Ray: You hear a lot of unusual things back in those states. One particular thing … you talk about unusual songs, the most unusual thing I ever heard is I heard a disk jockey back in New Mexico, and he’s an Indian disk jockey, and he uses the Cherokee language when he talks. He’ll go along, and I don’t know where he … of course I can’t talk it, but it sounds like he’s grunting, and he’ll……., and you’ll hear a drum go boom, boom, boom or something, and then he’ll say a few words, and then he’ll say, “Johnny Cash” or “Buck Owens.” He plays country and western music. Did you ever hear him?

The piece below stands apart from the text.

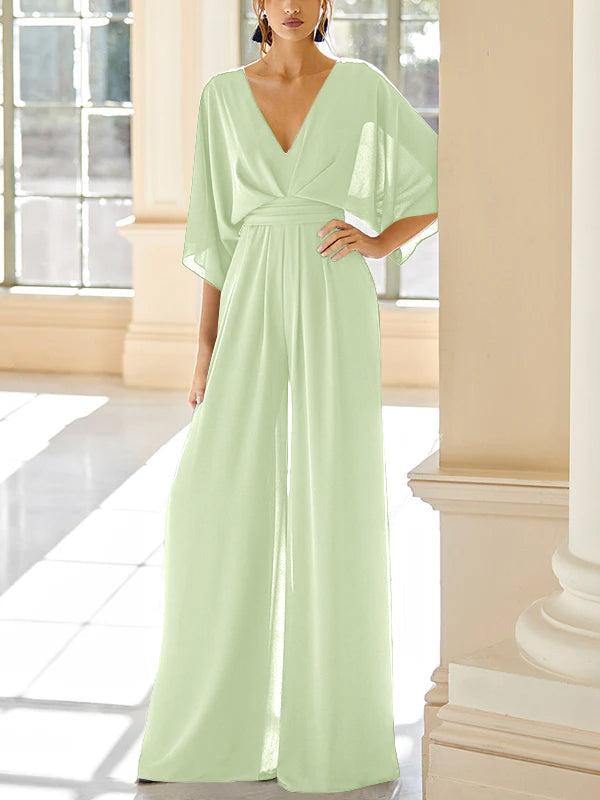 Mother of the Bride V Neck Chiffon Pantsuit Featuring Pockets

Chris: I’ve heard that fellow, driving through … what’s that town?

Vern: New Mexico.

Chris: Yeah, up in …

Ray: He uses the Cherokee language …

Vern: He plays a lot of bluegrass.

Ray: Yeah, oh yeah.

Vern: The Indians, ….. they seem to love the five-string banjo.

Chris: Is that right?

Ray: I understand that … what’s this guy that plays Tonto in Lone Ranger?

Vern: Jay Silverheels. They say he is really nuts for a five-string banjo. Red Foley said he was up in New York, and he ….. run into him, and he asked Red, “When are you going to have some of that good banjo picking on your show again?” When Red had this Ozark Jubilee on TV.

Chris: Was that out here?

Vern: No, it originated back in Springfield Missouri. But it was a coast to coast show.

Chris: Is that right?

Vern: It’s been five or six years ago, I think, that it was on. At least as … Ol’ Tonto, he loves the five-string.